[Information supplied]:
-=-=-=-=-

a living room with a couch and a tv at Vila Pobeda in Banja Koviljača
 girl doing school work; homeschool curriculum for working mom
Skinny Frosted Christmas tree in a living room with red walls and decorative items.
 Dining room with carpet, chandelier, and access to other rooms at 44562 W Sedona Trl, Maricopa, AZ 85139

-=-=-=-=-

[Description of the task]: Write out the data above once more, exactly as it reads.

[Exercise solution]:
a living room with a couch and a tv at Vila Pobeda in Banja Koviljača
 girl doing school work; homeschool curriculum for working mom
Skinny Frosted Christmas tree in a living room with red walls and decorative items.
 Dining room with carpet, chandelier, and access to other rooms at 44562 W Sedona Trl, Maricopa, AZ 85139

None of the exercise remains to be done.